Por: RAFAEL MARTÍNEZ-SIMANCAS
Tenía razón aquel santo cura que nos daba latín a un grupo de ceporros con granos en la cara e incipientes pelillos en las piernas: “si no aprendéis latín nunca seréis gente de provecho”. Pero nosotros fuimos tan bobos que desperdiciamos aquellas maravillosas clases persiguiendo moscas o mirando calendarios de chicas apenas vestidas. Resultado de esa mala formación es la que se ha liado con el testamento de Juan Pablo II: “nunc dimitis” no quiere decir (ni por asomo) que el Papa pensara dimitir de su puesto.
Que fuéramos un poco zoquetes está claro (tanto es así que ninguno llegamos a ministros, mafiosos o altos cargos de la banca); ahora bien, no sabía que éramos tantos en nuestra clase: mogollón de gente equivocada no es asunto corriente.
El latín ofrece infinidad de matices ricos de abordar pero también muchas traducciones posibles.

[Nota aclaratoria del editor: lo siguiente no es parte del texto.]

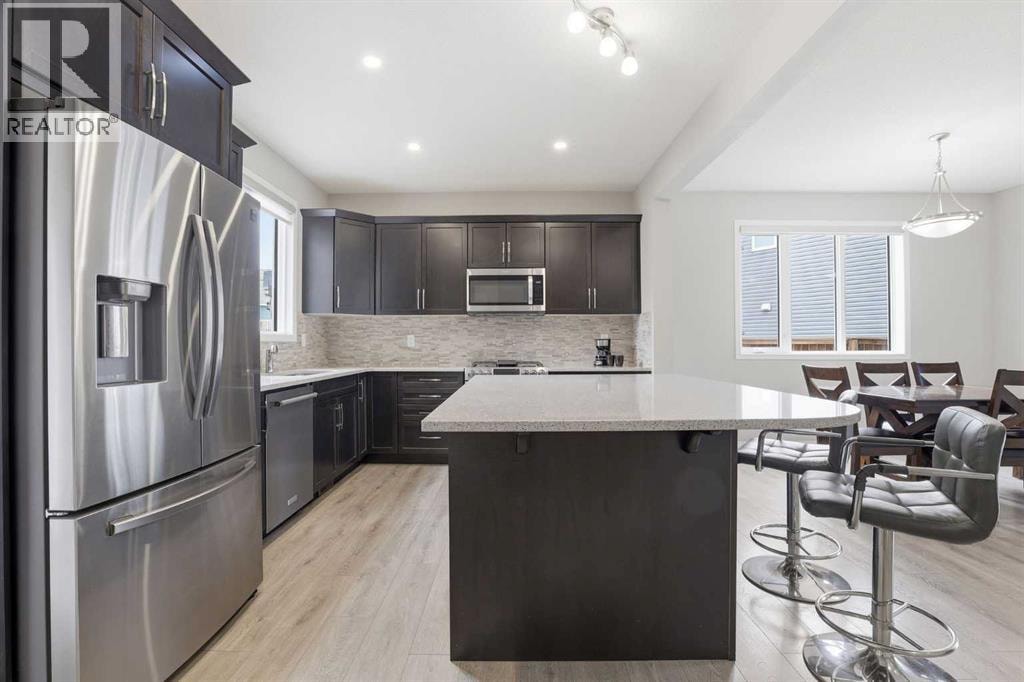 312 Carrington Way NW — photo 13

Y para los que encallaron en el rosa-rosae se trata de una lengua envenenada con rasgos esotéricos, cosa indescifrable, metalenguaje excelso. Tanto es así que recuerdo a un compañero de clase que preguntado por ‘La Guerra de las Galias’, de Julio César, y ante la evidencia de que no tenía ni idea, respondió: “si hubiera nacido en Roma sería mudo con toda seguridad, señor profesor”.
Igual es que Lamela también habla en latín, por eso no se cosca de los que juran contra él, en arameo.